Farewell, good citizens. I am off to abuse the peasants.
See you Monday.
I dunno it seems like the appropriate response to a forthcoming Republican-controlled House, as well as to Trump’s announcement of candidacy.
You know who I would love to see named for this job? James Comey. That won’t happen, it’s too in the face for Garland. I expect someone with very long Republican credentials to get the job, though.
@Michael Reynolds: @Gustopher: @Jay L Gischer:
It’s Jack Smith.
@Mu Yixiao:
Is it too late to set up a pitchfork store in your Lordship’s land?
Have a good weekend.
@Kathy: As I noted in Thursday’s forum, Elon doesn’t actually have an area of expertise as far as we can tell. He lied about his credentials over and over again in order to farm reputation with the nerderati, but it’s all hot air.
So everything Elon does is outside his area of expertise.
@CSK:
My first reaction was “Who the hell is Jack Smith?
CNN has this. I’m too swamped with work to find out more.
@grumpy realist:
To me they come off more as 40-50 somethings with no real accomplishments who think the only reason they aren’t as rich as Musk is that the libs have being conspiring to keep their genius from the world. (Which is in one sense true, since daddy’s blood emerald mine is the only reason Musk isn’t just like them)
@JohnSF:
Mmhmm. Al Waleed bin Talal was a heavy participant in the deal, as was a segment of Qatar’s sovereign wealth fund.
There are people here in the Valley – some of whom I count as friends – who believe that the best way to do heavy software development is with small teams who work crazy hours.
I am not one of them. If I worked for Twitter, I would have taken the package. If I hadn’t been laid off already, that is.
This is a totally anticipated response. Musk is not surprised by this. Investors (the private equity people, not The Street, remember) are also not surprised.

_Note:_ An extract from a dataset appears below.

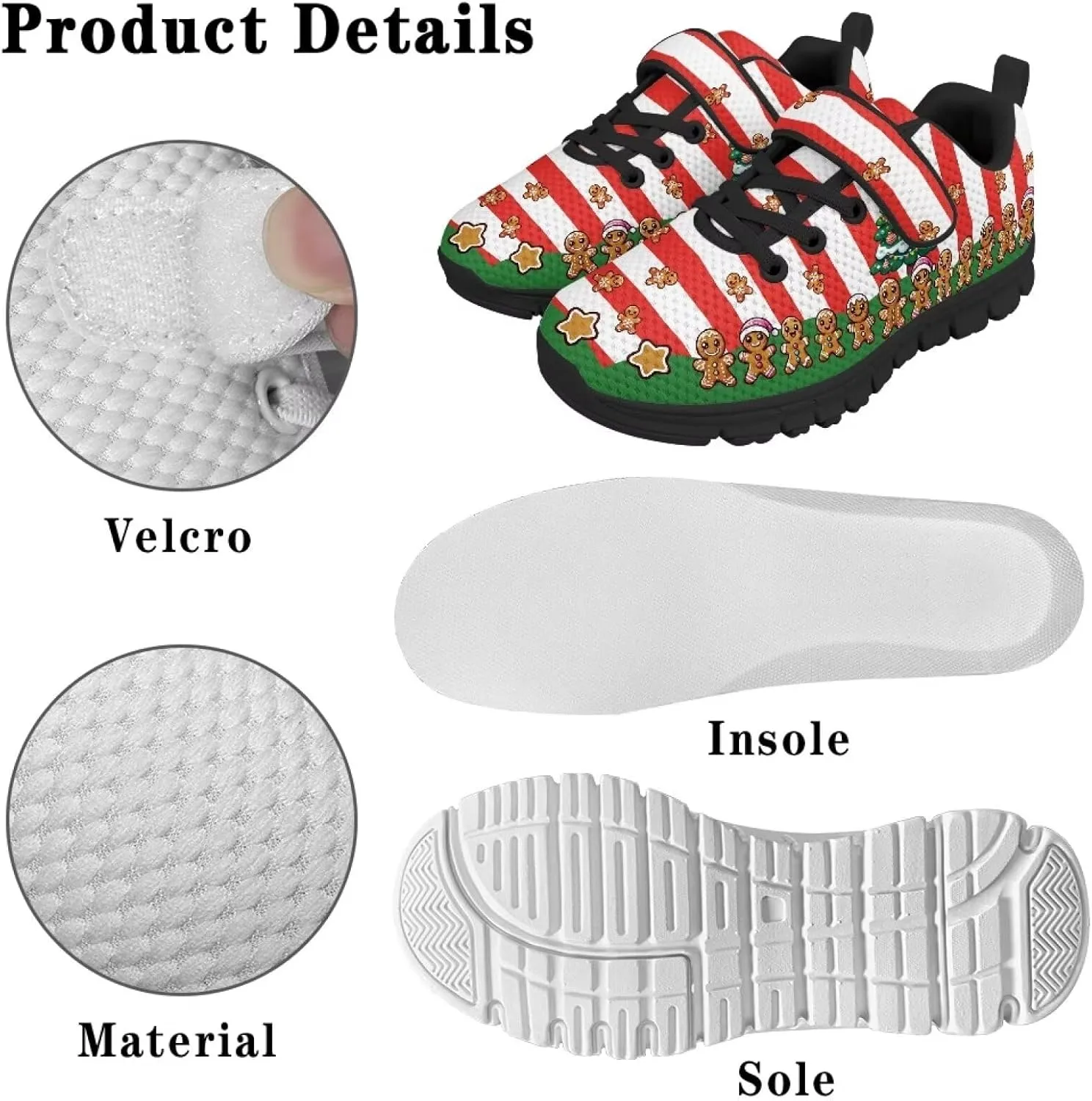 Kids Christmas Shoes Comfortable Breathable Hook and Loops Strap Athletic Running Shoes for Litter Kids Lightweight Non-Slip Outdoor School Sport Sneaker for Big Kids US 11-15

If you’re a heavy Twitter user, you are probably really alarmed and angry, and I don’t blame you.
@Jay L Gischer:
Even if that were the best way to develop software, people only agree to do it because they get a share of equity in a company they expect to be worth much more in a few years. Elon does not seem to be offering that and I don’t think a lot of people expect Twitter to be solvent, much less far more valuable, in a few years. So why would they work crazy hours for Elon Musk instead of someone else?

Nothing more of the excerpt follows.